**TASK STATEMENT:**
Copy the data exactly as it appears, and do not include any pictures.
*** Opening of PROVIDED MATERIAL ***
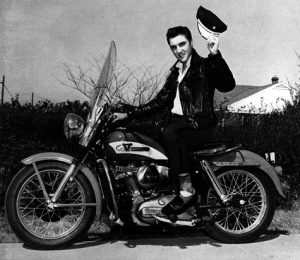 Elvis on his Harley on January 2, 1956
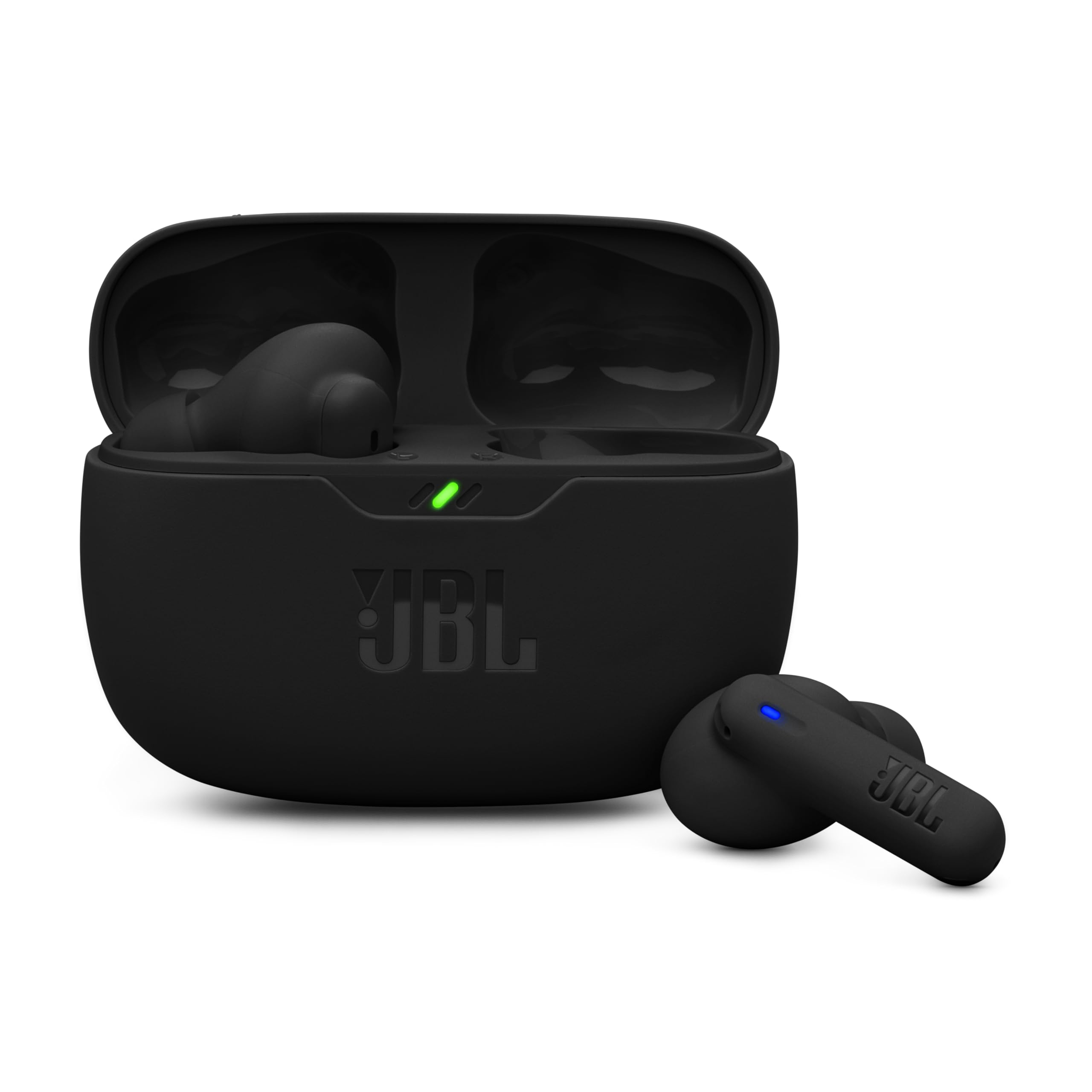 JBL Vibe Beam 2 Schwarz, True Wireless In-Ear Kopfhörer mit OVP, JBL Pure Bass Sound, ANC und Smart Ambient. | Zustand: Neu
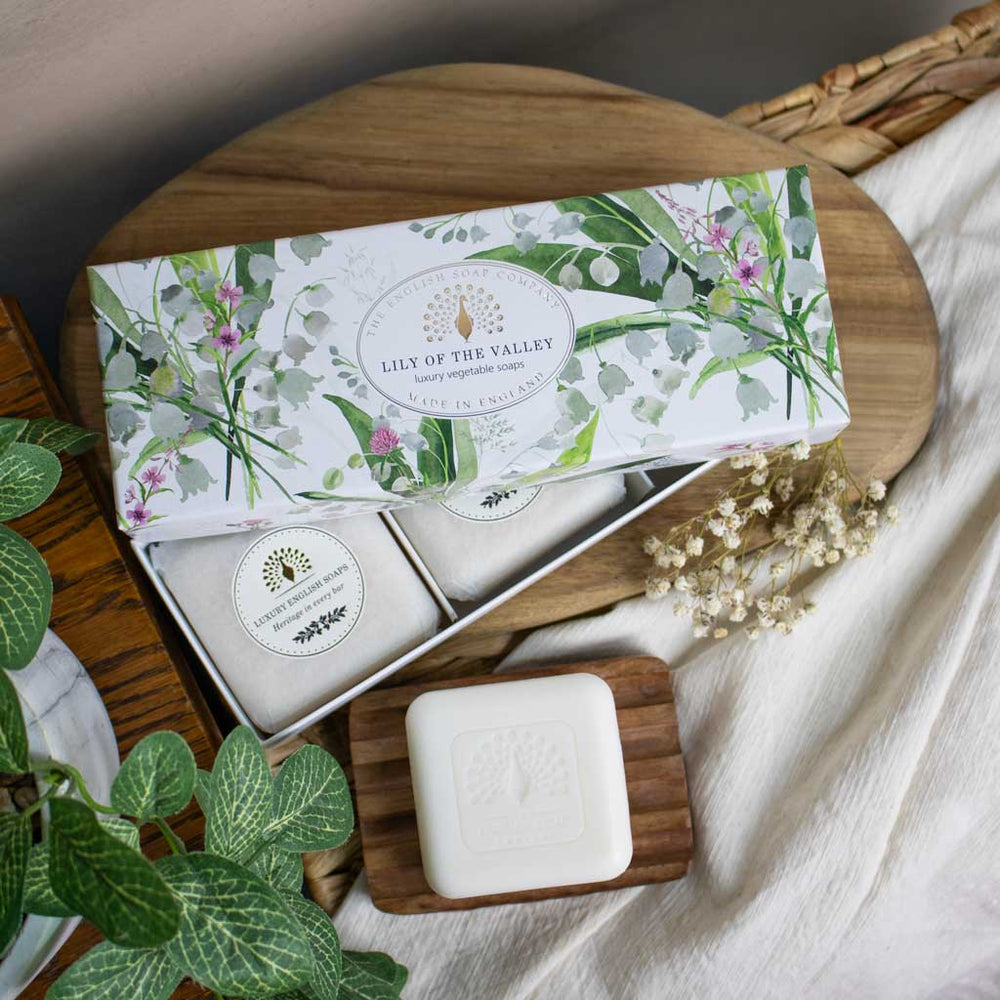 The English Soap Company Heritage Collection, Lily Of The Valley (Triple Soap Gift Box)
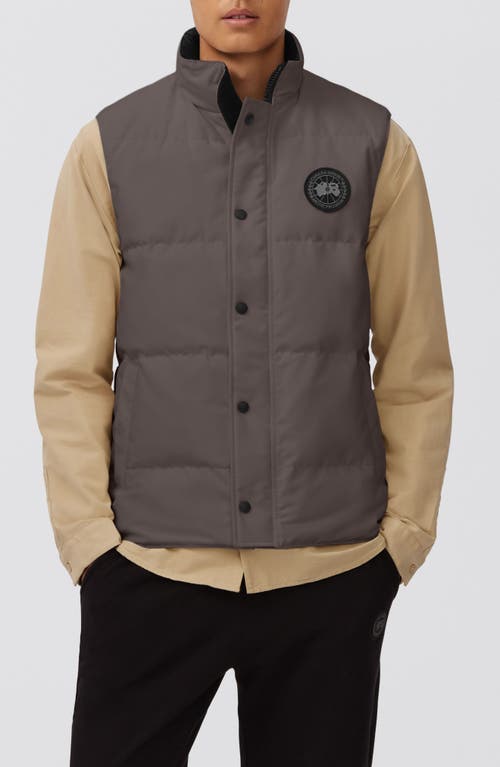 Shop Canada Goose Garson Water Repellent 625 Fill Power Down Vest In Coastal Grey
*** Close of PROVIDED MATERIAL ***
**WRITTEN ANSWER:**
 Elvis on his Harley on January 2, 1956
 JBL Vibe Beam 2 Schwarz, True Wireless In-Ear Kopfhörer mit OVP, JBL Pure Bass Sound, ANC und Smart Ambient. | Zustand: Neu
 The English Soap Company Heritage Collection, Lily Of The Valley (Triple Soap Gift Box)
 Shop Canada Goose Garson Water Repellent 625 Fill Power Down Vest In Coastal Grey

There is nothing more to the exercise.